Task inputs:
○ ○ ○ ○ ○ ○ ○

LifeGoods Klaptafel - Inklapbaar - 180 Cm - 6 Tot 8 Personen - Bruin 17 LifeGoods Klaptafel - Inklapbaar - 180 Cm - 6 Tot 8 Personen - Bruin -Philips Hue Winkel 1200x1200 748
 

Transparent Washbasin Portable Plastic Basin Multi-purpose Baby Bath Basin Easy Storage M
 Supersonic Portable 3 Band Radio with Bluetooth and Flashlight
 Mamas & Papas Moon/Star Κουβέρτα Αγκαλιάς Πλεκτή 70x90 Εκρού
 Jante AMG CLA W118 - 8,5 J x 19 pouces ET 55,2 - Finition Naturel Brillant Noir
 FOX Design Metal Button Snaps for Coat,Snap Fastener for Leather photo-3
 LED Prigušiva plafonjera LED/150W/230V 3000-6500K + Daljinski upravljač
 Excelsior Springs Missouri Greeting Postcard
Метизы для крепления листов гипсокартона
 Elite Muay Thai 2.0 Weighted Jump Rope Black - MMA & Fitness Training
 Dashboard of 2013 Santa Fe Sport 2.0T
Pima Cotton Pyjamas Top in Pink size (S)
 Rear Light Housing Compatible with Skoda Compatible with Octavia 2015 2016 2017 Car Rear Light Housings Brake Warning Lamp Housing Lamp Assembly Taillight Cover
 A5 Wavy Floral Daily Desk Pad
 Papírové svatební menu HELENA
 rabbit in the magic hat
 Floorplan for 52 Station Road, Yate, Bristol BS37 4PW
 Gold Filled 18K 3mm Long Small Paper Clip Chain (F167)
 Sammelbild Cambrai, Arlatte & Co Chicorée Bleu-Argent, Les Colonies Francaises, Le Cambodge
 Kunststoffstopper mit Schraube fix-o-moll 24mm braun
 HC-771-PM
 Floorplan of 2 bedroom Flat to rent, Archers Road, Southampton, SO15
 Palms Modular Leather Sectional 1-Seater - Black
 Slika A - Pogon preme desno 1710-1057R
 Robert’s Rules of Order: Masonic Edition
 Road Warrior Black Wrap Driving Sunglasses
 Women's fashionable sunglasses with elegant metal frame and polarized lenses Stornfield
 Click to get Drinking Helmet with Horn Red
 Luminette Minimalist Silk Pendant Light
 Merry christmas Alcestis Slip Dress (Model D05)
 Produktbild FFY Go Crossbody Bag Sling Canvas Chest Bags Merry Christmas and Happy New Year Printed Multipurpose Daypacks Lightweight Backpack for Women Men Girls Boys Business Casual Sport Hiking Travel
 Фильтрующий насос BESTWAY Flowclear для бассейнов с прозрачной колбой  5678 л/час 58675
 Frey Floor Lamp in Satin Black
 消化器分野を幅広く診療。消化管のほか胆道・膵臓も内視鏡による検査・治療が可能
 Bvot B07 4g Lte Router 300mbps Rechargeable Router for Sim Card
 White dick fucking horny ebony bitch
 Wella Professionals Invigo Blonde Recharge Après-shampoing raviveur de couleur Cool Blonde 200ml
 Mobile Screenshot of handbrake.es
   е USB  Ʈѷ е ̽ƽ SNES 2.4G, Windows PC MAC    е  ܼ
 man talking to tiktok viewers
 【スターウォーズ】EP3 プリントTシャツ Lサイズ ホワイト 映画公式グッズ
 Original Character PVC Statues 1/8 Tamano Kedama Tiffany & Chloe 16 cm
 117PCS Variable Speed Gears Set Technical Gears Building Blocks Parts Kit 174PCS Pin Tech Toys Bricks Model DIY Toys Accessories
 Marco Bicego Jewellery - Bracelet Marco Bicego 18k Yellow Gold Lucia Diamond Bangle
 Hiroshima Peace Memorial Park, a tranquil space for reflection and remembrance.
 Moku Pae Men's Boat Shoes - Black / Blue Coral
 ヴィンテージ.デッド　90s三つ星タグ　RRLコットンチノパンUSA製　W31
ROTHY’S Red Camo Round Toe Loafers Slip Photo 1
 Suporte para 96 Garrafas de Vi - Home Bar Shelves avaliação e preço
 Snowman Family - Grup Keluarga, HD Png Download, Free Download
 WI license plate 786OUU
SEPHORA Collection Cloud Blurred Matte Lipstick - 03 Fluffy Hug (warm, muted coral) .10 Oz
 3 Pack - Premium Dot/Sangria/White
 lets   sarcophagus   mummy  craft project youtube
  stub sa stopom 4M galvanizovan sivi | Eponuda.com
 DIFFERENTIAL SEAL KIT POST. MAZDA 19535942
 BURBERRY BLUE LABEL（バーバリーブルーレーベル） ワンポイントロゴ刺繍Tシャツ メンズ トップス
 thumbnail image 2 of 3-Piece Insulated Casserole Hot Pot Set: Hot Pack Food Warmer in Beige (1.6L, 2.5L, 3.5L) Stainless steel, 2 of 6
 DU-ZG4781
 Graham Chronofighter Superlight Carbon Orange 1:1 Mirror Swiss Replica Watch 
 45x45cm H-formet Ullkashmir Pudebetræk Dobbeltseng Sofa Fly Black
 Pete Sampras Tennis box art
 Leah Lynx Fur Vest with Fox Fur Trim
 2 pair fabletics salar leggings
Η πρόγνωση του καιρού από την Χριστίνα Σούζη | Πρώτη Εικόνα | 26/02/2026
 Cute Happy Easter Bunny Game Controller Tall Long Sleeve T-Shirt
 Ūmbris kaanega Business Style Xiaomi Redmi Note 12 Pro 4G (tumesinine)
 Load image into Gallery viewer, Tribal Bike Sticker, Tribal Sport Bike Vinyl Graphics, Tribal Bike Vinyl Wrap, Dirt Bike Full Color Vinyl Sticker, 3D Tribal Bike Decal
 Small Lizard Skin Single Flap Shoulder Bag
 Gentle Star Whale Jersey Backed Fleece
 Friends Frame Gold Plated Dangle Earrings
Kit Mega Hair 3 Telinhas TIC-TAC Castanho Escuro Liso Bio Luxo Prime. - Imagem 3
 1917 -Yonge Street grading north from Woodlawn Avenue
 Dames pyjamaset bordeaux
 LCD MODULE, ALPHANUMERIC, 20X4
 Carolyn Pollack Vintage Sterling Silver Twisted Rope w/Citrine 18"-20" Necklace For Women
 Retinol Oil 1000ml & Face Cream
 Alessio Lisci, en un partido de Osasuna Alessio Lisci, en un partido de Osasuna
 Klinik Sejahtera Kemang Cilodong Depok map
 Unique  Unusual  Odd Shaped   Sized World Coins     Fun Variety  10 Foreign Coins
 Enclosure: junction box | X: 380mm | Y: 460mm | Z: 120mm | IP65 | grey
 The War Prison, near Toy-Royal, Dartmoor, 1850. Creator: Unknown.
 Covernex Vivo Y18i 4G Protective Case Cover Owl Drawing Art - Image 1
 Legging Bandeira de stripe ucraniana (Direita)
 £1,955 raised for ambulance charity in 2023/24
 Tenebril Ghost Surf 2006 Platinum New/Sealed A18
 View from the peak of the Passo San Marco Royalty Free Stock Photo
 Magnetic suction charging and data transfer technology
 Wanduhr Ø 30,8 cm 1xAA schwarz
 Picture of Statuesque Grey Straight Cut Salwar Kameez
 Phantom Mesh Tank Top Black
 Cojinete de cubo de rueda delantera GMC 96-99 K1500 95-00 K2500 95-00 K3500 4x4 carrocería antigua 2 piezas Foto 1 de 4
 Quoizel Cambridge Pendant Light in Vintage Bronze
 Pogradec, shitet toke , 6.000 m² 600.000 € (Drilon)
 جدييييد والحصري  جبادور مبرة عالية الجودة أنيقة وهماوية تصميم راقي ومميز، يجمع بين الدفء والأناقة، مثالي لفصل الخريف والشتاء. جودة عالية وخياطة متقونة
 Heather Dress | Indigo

○ ○ ○ ○ ○ ○ ○

Action item:
Give again, word for word, every line of the listing above from the one with "thumbnail image 2" to the one with "Graham Chronofighter Superlight", both inclusive, and nothing beyond them.

Solution to the problem:
 thumbnail image 2 of 3-Piece Insulated Casserole Hot Pot Set: Hot Pack Food Warmer in Beige (1.6L, 2.5L, 3.5L) Stainless steel, 2 of 6
 DU-ZG4781
 Graham Chronofighter Superlight Carbon Orange 1:1 Mirror Swiss Replica Watch 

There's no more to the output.